Before then, some banks had already retrenched over 3,500 of their staff leading to a threat by Minister of Labour and Productivity, Dr Chris Ngige, to withdraw operational licence of any bank that decided to sack staff without recourse to laid down procedures.

And President of the Nigeria Labour Congress (NLC), Mr. Ayuba Waba and his Trade Union Congress (TUC) counterpart, Mr. Bobboi Kaigama, at an emergency press briefing while attending the 105th congress of International Labour Organisation (ILO) in Geneva on June 9, threatened to cripple bank operations by picketing banks that indulged in further mass sack of employees.

“We will picket them to show them that they do not have the monopoly of disobedience.”

CBN governor tackles Sanusi over criticism

Meanwhile, following sharp criticism of the Central Bank of Nigeria (CBN’s) foreign exchange policies by the Emir of Kano, Sanusi Lamido Sanusi, alleging that the policies breed corruption, the CBN governor, Mr. Godwin Emefiele, on Friday dismissed the allegation saying it is untrue.

The Emir of Kano, who is the immediate past CBN governor had at the 15th Joint National Council on Development Planing meeting in Kano recently criticised President Muhammadu Buhari’s endorsement of CBN’s foreign exchange policies which he said encouraged corruption.

Reacting to a question by one of the participants at the National Institute for Policy and Strategy Studies (NIPSS), shortly after he delivered a lecture titled “Managing Monetary Policy in Turbulent Time,” the CBN governor said it was better to provide creative advice that would help the economy than sitting back criticising.

Said he: “It is easy to criticise from outside but my advice is not to sit back in a garden and call press men and begin to raise criticisms that are untrue and unsubstantiated. We need advice of former CBN governors, there are channels they can use but not sit in their garden and call pressmen to raise criticism and say what is not true.”

The CBN governor advised Nigerians to look inwards in order to come out of the present economic predicament, adding that every year Nigeria, spends about £2 billion on (Nigerian) students studying abroad and wondered why they could not put such money in institutions in the country.
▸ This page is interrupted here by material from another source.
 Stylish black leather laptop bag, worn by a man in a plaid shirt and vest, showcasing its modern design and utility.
According to him, before, the country was making over £3 billion during the oil boom, adding that the country presently can hardly make up to £500 million. He blamed the elite who preferred imported materials to local ones for the current crisis.
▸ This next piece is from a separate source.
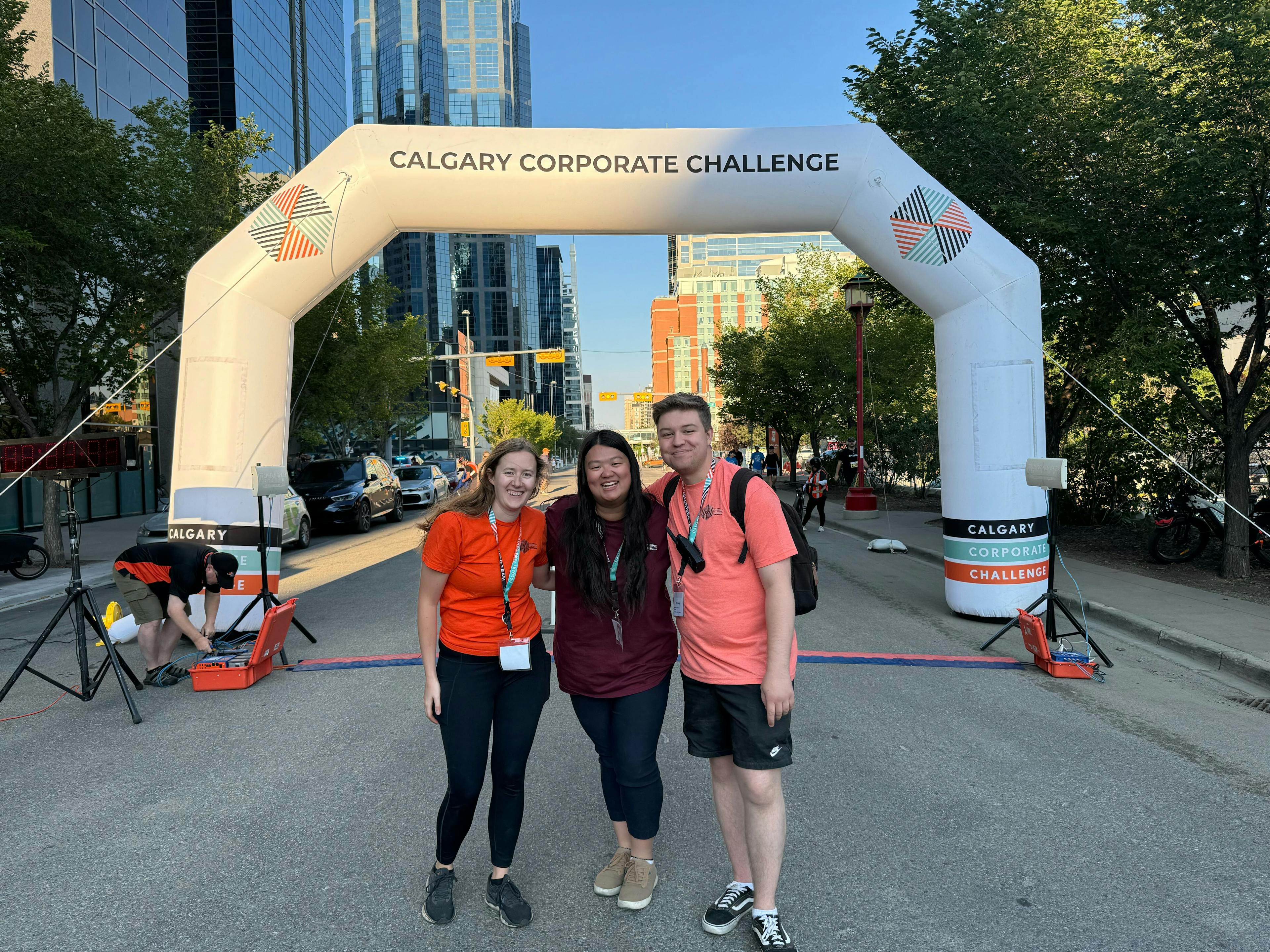 morgyn, jacquie, and trent in front of the ccc race arch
He added that this is not a normal time, adding that any time the CBN takes a stand or hard decision to reposition the economy, it always comes under attacks.

“When you introduce a new policy and people do not complain, then that policy is not working. But when policies are introduced and people are shouting and complaining, then the policies have reached the right place. It means the policy is working. We should not use our hands to destroy ourselves, we should not use our hands to kill ourselves,” he said.